Let’s say that FDR truly was the best at radio, and his “fireside chats” were indeed the cat’s pajamas. Time passes nevertheless, and all media change. Nowadays we mortals must communicate solely via telegrams, which are limited to 140 characters apiece and thus require us to abbreviate most of our words. But admittedly we also have video-conferencing booths like the one that the gentleman uses to patronize his daughter in 2001: A Space Odyssey (1968).

If Emily of Amherst had a hard time discovering the identity of her moment’s presidential candidate, while we modern fools can obtain this info merely by tapping our magnetic bracelet, it follows that the creatures of tomorrow will understand the outcome of almost every upcoming event: they’ll be able to see more than 200 years into the future: in fact, they’ll have to invent ways to limit their own perceptions, so as to enjoy an easier, untroubled passage of time. As it is written: Horse blinkers, also known as blinders, are a piece of tack that prevent the animal from seeing to the rear or to either side.

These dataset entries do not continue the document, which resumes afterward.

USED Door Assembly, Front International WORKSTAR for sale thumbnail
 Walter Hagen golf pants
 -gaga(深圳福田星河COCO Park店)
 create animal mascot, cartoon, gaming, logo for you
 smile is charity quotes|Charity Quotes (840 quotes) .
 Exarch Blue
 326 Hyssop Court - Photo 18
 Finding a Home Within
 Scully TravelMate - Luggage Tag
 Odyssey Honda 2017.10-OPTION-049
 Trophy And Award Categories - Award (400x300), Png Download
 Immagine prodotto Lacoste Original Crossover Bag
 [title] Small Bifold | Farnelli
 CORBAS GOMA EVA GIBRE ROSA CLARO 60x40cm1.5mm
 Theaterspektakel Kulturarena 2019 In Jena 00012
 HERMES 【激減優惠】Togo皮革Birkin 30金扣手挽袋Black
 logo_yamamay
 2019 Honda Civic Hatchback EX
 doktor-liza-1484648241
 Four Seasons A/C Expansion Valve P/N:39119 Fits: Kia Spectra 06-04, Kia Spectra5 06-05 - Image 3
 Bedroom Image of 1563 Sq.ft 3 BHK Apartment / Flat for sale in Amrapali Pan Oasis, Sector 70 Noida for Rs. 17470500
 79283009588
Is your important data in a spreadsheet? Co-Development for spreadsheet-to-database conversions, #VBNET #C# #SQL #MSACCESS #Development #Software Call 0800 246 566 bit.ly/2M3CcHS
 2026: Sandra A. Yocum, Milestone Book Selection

Why were we created lateral-eyed… (I began writing this fragment as if I were speaking in the voice of an extinct quadruped; but now I don’t want to continue. I realize my only interest was in using that hyphenated term, which, from what I understand, is what it’s called when a being has an eye on either side of its head, rather than both up front working together to paint a 3-D picture on the imagination: binocular vision.)

All science in the real sense… can never reach a final goal or give an entirely satisfactory explanation. It never aims at the inmost nature of the world; it can never get beyond the representation; on the contrary, it really tells us nothing more than the relation of one representation to another.

That’s from §7 of EFJ Payne’s translation of Arthur Schopenhauer’s The World As Will and Representation. I was (as often happens) looking for a certain passage yet couldn’t find it so had to settle on another: the one I wanted was his outpouring about the heinousness of urban cabdrivers’ maltreatment of horses; instead, I grabbed what seemed most interesting from my failed rummaging. By the way, to communicate “nothing more than the relation of one representation to another” is still quite a feat, in my opinion.

Now I gotta go, so I’ll end this with a few words about our afternoon bike ride:

My sweetheart led me to a beautiful park today. We rode until we arrived at the “5-loop surface-mount contemporary bike rack”; then we alighted and walked the rest of the way. The footpath was broad and pleasantly curvaceous. There was abundant greenery… gorgeous bodies of water… clearest sky… hopping robins, baby ducks.